Designing and producing new custom corporate identity typefaces

Some of the advantages of having a proprietary bespoke typeface:

  • You have complete control over the glyph design, which can be customised freely as you wish in order to obtain a unique graphic identity for a stronger brand
  • You have complete legal and logistical control over the implementation of the new typeface within your organisation, without any licensing restrictions or additional costs regarding use, distribution or multiple technology platforms
  • You can easily extende and update the font as your needs grow

You are welcome to present us either with a basic concept of a design idea (perhaps after some existing model) and then let us provide both the design and the production—or with a more or less final font pre-digitalised in Illustrator, and then let us review and (if deemed necessary) correct or fine-tune this before producing the final master font.

The disadvantage of developing your own custom font compared to buying a commercial font already on the market is a longer delivery time (which requires advance planning) and, depending on the scope of the license required, possibly a higher initial cost. Since each situation is more or less unique, it is not possible to say which approach will suit you best without a thorough analysis of your needs and conditions.

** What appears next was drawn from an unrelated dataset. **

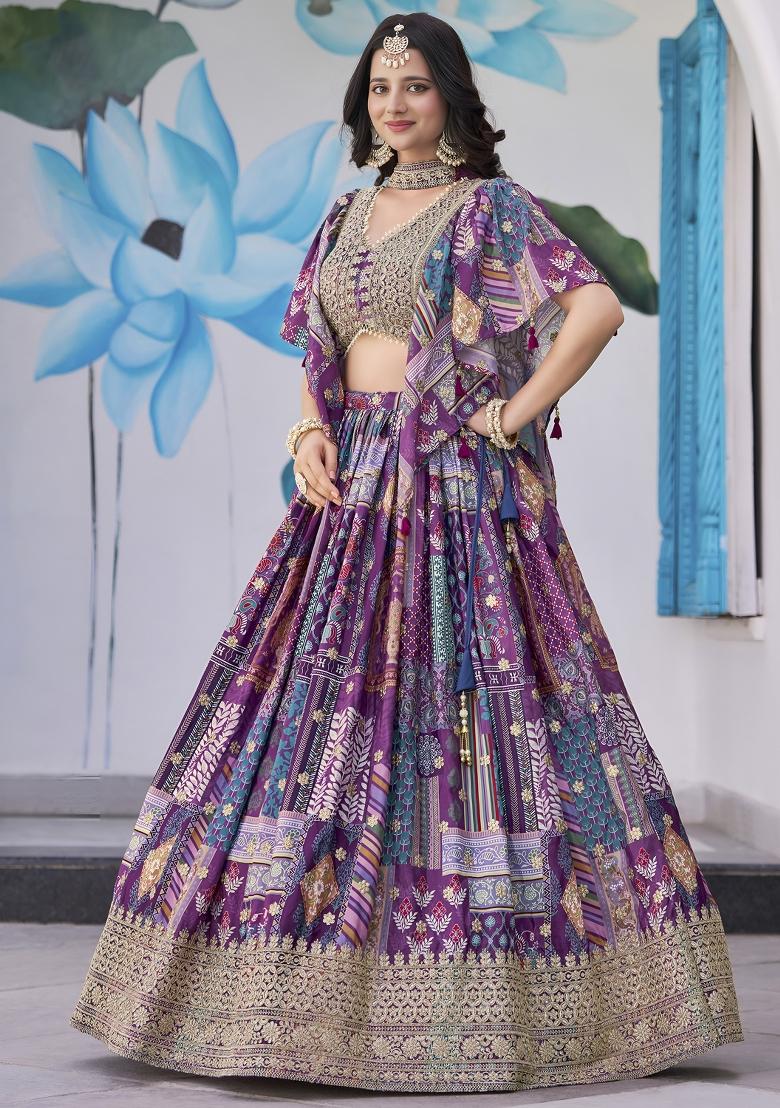 Purple Sequins And Thread Embroidery Work Chinnon Silk Blend Lehenga Choli - Indya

An important aspect in the development of a new custom font is copyright protection.
When you talk about copyright protection in a font context, you can separate this into the following three aspects:

  • The typeface name (trademark protection)
  • The font file program code (copyright protection)
  • The typeface glyph design (pattern protection)

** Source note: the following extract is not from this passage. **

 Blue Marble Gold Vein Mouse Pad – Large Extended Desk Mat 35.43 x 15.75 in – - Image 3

A typeface name can be trademark protected as any other product name (for example, you may not call a new typeface Helvetica, since that is a protected trademark belonging to Linotype), and its program code is equivalent to that of a software application (you can not copy the content from an existing font, make changes to it and then claim it to be a new font). If a font manufacturer allows you to make adjustments to their font, then the new font will be a derivative of the original font that also belongs to the font manufacturer (also note that the practice in such situations is to add an explanatory suffix to the original name, such as "Helvetica For [Customer name]", to clarify that this specific font is a customised derivative work).

The most complicated aspect of copyright protection is the glyph (pattern) design: If you design something completely new from the ground up with a distinct character of its own, you should not encounter any problems. But if you instead choose to start from an existing design, and this could be considered to have sufficiently high originality (degree of uniqueness), you should perhaps not plagiarise this specific design. If the model on the other hand has a more generic basic form (such as Helvetica), it will obviously be more difficult for the original copyright holder to claim plagiarism.

As far as we know, no plagiarism cases have been tried in a court of law with precedent judicial verdicts, so it is difficult even for experienced trademark and intellectual property lawyers to determine exactly where the boundaries between free interpretation and plagiarism lie in the case of fonts. Here it is also important to distinguish between a logotype, consisting of a limited set of glyphs where the pattern protection is quite clear, and a font, consisting of an entire alphabet and many other characters, where the pattern protection arguably appears to be more difficult to interpret.

Our standing recommendation if you intend to be inspired by an existing design (i.e. an existing font) but then make changes to express your own design is to always get advise from a legal expert on copyright law—we are not legal experts, but will be happy to assist you as best as we can with both consultation development/production. However, we can never take over any legal responsibilities or obligations from the client, as it is always the owner/end-user of the new font who is responsible for all legal aspects.